Franklin Dehousse
La Conférence sur l’avenir de l’Europe, reflet de son malaise (carte blanche)
La nouvelle Conférence sur l’avenir de l’Union européenne est devenue en son début un reflet cruel de l’Union elle-même.
Voici vingt ans, les dirigeants européens lançaient avec solennité la Conférence sur l’avenir de l’Europe. A deux reprises, au traité d’Amsterdam (1997) et au traité de Nice (2000), ils avaient manqué la préparation de l’Union européenne au grand élargissement à l’Europe centrale et orientale. En 2001, ils réessayèrent une troisième fois. Après d’innombrables péripéties, dont plusieurs référendums, cette conférence allait mener en 2007 au traité de Lisbonne. Ce dernier a effectué une série de simplifications bienvenues. En revanche, il n’a pas réellement préparé les institutions au doublement du nombre des Etats membres. Nous en vivons encore les conséquences néfastes à l’heure actuelle. Une partie de l’Union européenne reste en réalité inopérante: le social, le fiscal, la politique étrangère et l’Etat de droit pour commencer.
Faute d’un accord sur les individus, personne ne dirige cette convention.
En 2021, les gouvernants européens lancent une nouvelle convention. L’ambiance paraît beaucoup moins positive. Ils n’ont défini clairement ni les objectifs, ni les modes de fonctionnement, ni les dirigeants responsables. Par-dessus le marché, à force d’ergoter sur tout, le processus a pris un an de retard (aidé en sus par la pandémie). L’idée originelle émane du président français Emmanuel Macron (déjà un motif de suspicion pour beaucoup). Elle vise à écouter les citoyens sur l’Europe (la manière dont Macron a discrètement enterré les résultats du dialogue citoyen sur le réchauffement climatique en France constitue un motif d’inquiétude pour d’autres).

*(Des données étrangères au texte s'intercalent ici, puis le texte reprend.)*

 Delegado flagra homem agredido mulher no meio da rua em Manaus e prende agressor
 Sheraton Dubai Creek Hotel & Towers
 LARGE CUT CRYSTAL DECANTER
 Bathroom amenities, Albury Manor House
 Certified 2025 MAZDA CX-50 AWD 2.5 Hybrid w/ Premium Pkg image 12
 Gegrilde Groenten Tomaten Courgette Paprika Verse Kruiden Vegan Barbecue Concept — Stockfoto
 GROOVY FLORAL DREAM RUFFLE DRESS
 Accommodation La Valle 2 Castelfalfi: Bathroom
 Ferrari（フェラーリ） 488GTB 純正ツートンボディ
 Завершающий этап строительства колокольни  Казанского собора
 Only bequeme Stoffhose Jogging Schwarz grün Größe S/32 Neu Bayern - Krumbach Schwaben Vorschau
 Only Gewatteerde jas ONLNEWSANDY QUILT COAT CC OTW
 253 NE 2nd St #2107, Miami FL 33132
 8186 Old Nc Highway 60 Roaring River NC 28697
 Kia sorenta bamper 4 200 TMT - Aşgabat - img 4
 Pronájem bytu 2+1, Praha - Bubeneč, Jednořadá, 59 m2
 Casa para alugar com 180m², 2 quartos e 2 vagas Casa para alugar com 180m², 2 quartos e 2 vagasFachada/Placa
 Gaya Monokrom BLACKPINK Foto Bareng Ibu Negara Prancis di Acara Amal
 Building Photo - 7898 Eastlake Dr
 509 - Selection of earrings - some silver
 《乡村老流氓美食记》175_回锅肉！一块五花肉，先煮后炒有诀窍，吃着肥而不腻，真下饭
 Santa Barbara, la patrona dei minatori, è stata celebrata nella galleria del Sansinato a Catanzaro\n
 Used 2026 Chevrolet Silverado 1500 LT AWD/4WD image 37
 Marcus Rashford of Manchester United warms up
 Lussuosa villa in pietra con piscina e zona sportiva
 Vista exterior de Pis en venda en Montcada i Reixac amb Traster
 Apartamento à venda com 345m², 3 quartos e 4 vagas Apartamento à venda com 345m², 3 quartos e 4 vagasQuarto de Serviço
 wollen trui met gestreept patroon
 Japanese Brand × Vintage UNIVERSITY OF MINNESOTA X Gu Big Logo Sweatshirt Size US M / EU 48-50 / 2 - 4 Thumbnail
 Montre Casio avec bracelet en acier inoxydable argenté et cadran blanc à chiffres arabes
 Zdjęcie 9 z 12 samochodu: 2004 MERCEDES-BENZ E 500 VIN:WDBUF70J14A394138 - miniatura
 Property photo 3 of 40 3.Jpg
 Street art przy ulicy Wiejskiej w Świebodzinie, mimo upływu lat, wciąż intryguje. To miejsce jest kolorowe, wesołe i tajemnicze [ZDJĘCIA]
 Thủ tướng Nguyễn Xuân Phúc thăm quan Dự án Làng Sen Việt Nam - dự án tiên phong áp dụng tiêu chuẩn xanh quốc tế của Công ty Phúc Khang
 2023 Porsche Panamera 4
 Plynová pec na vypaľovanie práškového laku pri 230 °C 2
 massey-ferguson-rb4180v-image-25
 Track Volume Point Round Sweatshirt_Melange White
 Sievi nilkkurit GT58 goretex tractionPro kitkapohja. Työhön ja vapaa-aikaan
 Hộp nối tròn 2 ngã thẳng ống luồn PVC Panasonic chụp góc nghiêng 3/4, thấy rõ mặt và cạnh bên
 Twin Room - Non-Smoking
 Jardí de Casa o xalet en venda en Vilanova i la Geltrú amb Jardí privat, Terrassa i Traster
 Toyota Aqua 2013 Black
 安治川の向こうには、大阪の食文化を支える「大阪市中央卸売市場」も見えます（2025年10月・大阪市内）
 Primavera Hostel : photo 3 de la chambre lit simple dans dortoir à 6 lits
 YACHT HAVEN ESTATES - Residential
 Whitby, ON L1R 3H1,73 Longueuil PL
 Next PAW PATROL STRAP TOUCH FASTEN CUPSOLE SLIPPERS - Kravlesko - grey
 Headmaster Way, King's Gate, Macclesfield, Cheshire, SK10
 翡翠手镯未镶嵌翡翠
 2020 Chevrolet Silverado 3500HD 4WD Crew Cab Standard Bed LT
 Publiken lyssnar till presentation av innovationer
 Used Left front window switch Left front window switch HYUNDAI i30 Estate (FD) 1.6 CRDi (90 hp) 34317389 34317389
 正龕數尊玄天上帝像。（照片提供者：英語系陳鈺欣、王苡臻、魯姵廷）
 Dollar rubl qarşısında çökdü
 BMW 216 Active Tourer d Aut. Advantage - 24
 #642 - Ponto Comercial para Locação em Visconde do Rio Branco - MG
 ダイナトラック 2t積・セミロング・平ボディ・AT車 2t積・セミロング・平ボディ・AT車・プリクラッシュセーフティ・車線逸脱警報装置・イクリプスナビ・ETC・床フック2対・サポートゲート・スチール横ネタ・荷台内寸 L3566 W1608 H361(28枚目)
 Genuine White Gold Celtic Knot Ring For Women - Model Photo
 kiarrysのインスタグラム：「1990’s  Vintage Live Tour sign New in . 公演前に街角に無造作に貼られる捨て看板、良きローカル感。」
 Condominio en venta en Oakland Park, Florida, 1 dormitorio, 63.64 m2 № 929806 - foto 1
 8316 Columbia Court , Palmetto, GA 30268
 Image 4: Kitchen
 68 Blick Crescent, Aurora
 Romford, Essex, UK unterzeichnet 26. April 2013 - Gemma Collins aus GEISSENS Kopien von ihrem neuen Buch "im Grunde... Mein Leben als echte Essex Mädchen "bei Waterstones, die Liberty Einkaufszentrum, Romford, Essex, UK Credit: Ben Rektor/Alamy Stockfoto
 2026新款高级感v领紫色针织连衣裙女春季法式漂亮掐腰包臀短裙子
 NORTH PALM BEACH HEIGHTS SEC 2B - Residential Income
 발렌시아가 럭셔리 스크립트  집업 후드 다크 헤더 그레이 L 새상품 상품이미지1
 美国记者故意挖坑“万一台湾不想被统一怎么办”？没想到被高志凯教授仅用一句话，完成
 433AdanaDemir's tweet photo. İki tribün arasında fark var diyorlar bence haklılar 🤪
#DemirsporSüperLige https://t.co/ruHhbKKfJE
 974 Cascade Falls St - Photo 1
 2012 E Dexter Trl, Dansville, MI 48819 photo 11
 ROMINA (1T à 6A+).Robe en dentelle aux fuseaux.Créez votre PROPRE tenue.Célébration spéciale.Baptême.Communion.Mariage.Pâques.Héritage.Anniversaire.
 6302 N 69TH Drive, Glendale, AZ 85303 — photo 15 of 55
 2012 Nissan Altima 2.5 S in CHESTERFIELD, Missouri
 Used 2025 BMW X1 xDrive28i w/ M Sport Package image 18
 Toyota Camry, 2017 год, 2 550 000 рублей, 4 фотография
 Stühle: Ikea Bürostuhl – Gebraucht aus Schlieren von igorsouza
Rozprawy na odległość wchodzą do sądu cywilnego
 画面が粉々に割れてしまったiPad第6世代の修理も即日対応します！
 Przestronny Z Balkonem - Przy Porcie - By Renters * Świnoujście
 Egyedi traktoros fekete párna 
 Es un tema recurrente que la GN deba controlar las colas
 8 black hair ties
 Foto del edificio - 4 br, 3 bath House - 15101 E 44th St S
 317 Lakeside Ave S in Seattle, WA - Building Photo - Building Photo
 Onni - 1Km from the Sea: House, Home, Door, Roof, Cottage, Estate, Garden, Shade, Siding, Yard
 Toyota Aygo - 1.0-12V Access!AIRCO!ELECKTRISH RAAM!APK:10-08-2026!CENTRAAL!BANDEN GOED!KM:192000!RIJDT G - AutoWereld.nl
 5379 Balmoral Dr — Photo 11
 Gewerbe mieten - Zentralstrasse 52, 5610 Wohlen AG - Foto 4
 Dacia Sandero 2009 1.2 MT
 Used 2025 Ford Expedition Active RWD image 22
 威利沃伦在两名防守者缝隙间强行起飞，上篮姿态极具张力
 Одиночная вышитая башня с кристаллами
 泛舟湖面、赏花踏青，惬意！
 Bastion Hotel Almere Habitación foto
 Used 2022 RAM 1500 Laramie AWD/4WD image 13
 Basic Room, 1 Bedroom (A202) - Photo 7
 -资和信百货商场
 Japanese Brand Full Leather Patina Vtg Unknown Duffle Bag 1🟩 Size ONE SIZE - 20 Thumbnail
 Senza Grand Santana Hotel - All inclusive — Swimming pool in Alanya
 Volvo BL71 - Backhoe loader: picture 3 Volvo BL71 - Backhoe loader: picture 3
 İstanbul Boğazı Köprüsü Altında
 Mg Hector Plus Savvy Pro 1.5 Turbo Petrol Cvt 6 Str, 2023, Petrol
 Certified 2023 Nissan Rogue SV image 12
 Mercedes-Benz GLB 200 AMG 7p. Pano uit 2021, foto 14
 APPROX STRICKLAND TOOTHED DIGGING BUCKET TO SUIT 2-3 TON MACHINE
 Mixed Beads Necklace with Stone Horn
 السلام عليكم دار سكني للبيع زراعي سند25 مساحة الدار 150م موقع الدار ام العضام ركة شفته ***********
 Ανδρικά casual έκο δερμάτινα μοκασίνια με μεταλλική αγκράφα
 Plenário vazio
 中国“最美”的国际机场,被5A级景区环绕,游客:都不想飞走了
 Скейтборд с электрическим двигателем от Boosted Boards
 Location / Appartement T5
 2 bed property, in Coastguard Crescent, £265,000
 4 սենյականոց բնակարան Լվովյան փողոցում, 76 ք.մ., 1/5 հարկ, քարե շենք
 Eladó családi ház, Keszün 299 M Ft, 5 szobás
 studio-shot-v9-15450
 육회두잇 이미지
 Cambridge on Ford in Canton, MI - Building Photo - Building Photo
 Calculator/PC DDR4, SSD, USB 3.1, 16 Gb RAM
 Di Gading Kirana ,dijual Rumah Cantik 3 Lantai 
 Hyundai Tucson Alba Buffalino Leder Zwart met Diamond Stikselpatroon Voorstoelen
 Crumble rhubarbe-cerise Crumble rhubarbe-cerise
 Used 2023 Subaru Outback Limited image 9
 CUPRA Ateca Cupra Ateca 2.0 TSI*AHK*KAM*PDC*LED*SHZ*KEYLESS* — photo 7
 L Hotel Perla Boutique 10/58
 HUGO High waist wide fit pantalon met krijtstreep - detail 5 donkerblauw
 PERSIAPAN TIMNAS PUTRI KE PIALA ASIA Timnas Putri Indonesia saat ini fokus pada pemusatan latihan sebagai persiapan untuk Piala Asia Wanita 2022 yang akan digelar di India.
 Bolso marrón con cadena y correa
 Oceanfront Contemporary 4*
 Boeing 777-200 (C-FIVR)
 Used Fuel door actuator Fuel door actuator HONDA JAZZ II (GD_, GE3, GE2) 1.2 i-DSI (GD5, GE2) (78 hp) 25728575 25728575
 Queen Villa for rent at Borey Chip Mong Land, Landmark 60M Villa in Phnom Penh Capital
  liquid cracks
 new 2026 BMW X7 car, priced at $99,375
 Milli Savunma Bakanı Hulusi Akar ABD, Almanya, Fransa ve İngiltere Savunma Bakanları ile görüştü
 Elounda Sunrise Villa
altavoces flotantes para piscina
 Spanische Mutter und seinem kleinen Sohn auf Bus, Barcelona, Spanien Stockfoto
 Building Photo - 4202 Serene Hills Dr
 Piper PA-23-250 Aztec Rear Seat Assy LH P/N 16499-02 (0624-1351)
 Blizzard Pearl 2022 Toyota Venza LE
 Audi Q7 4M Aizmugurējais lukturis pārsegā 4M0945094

Faute d’un accord sur les individus, personne ne dirige cette convention. Faute d’un accord pour conserver un format viable, on est passé de 105 membres en 2001 à 433 membres en 2021 (avec seulement quelque cent représentants pour les panels citoyens, qui seront ici sévèrement minorisés dès le départ). Quant aux règles de fonctionnement, elles ont suscité tant d’affrontements qu’elles n’ont pu être adoptées que la veille de l’ouverture et demeurent floues.
Certes, il n’est jamais mauvais en soi d’organiser des débats sur l’Europe. Néanmoins, ce démarrage hyperdouloureux laisse le sentiment acide que le public a été invité à donner son avis… pourvu que son avis corresponde aux volontés des multiples corporatismes et bureaucraties en place – et, surtout, n’implique pas la moindre révision de traité. De surcroît, il y a quelque paradoxe à organiser un grand débat continental en temps de pandémie. La mobilisation initiale du public (et même de certains initiés) semble d’ailleurs très faible.
De manière à la fois tragique et comique, la nouvelle Conférence sur l’avenir de l’Union européenne est devenue en son début un reflet cruel de l’Union elle-même. Une créature boursouflée et rhumatique, faible en idées comme en mouvements, en permanence affaiblie par les conflits d’ego de ses dirigeants et des processus de décision sans fin.
Ainsi, cette opération crée un fort risque d’accroître le cynisme déjà grand de l’opinion face à l’Europe. Heureusement, le pire n’est jamais sûr. Il faut donc espérer que les dirigeants actuels comprendront la nécessité d’une issue positive et concrète aux débats. Si ce n’est le cas, la nouvelle conférence risque de devenir au contraire une arme supplémentaire aux mains des mouvements populistes et antieuropéens.